Breaking the Law or abetting a violation will subject the offender to penalties. These include extended national service up to two months, one month's imprisonment and/or a heavy fine.
The National Service Law will impact employers across Qatar in several key ways:
Male nationals can no longer be recruited (whether in the public or private sector) unless they have completed (or been duly exempted from) the prescribed national service.
Male nationals are not allowed to continue working once they have received an order for national service and they cannot return to work until they submit an official letter confirming completion of national service.
Employers must report any national who objects to being registered.
Conscripts will be entitled to keep their job while serving, without losing the increments and promotions to which they are otherwise entitled.
Although the Law contemplates that conscripts will receive remuneration while in active service, until official regulations are issued the amounts and other details are not known. For the time being, employers are expected to continue paying their Qatari male employees as normal while they are away serving. For nationals employed in the private sector, the Ministry of Defence will be responsible for paying the difference, if any, between remuneration for national service and their regular salary. In the case of those employed in the public sector, their respective employers will be responsible for paying any such difference. It is not clear whether this means that employers will eventually be relieved of salary obligations for periods of national service. The position should become clear once the regulations are issued.
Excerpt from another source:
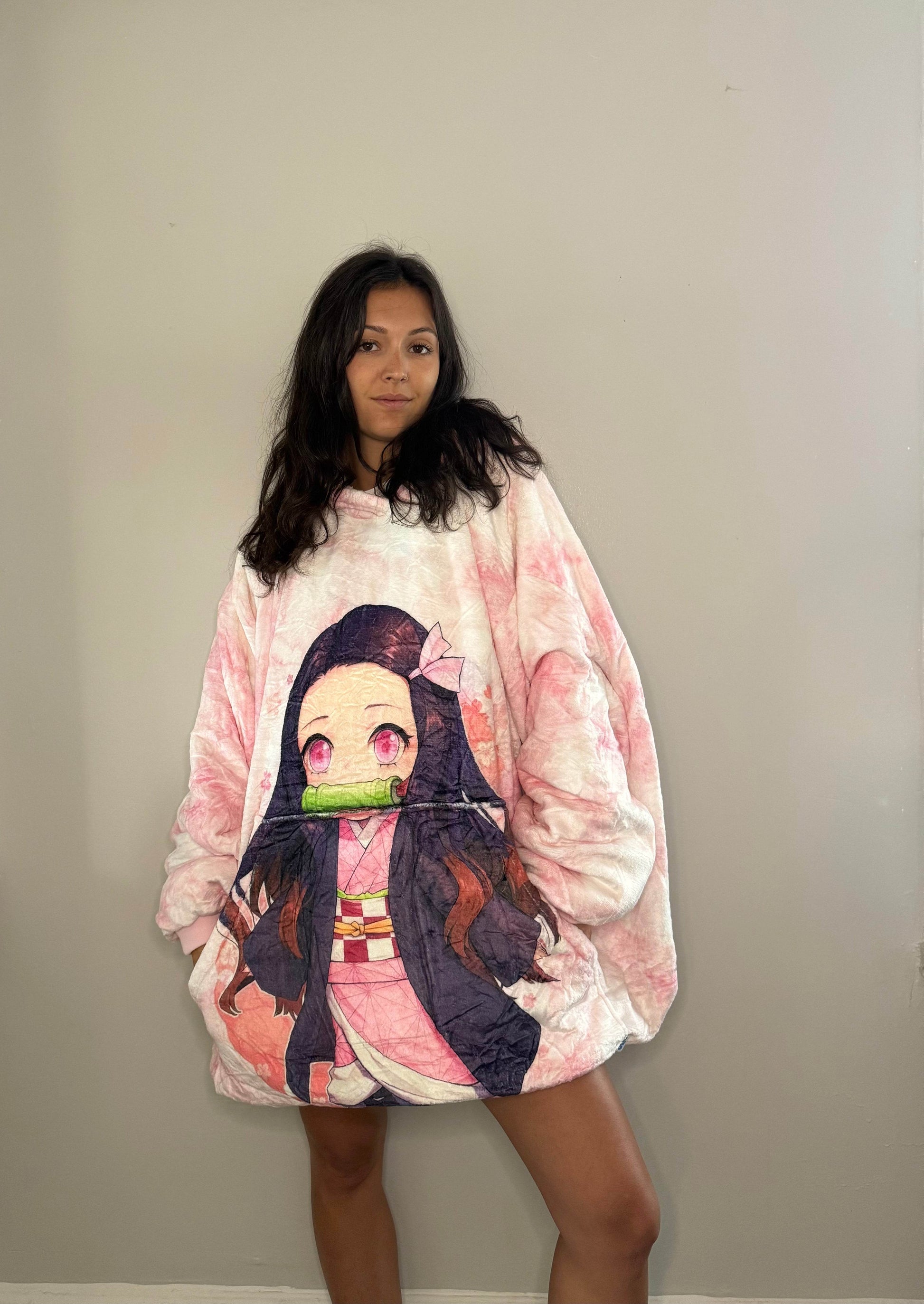 Nezuko Kamado Demon Slayer Wearable Blanket Hoodie for Kids & Adults | OLM Toys - Adult size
Probation periods will not be extended by periods of national service. This is significant considering that the maximum probation period allowed by law is six months. Employers may now have to consider revising their probation policy if the probation period is less than six months.
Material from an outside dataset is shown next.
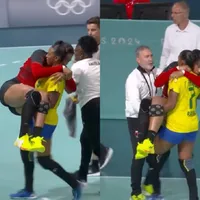 Handbalista Tamires Morena de Araujo și-a dus în brațe adversara accidentată - Foto: captură Instagram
National service will not break or interrupt employment service for any purpose including pension and gratuity calculation. National service during wartime may be treated as double service for retirement benefit purposes.
Any injury incurred while serving will be treated as an occupational injury subject to the laws thereon, and compensation for injury or death (whether during active duty or reserve phase) will be subject to the Military Service Law No. 31 of 2006 as amended.
The Ministry of Defence will form a body called the National Service Authority to administer the Law and the Commander General will issue the orders, rules and decisions necessary to implement the Law.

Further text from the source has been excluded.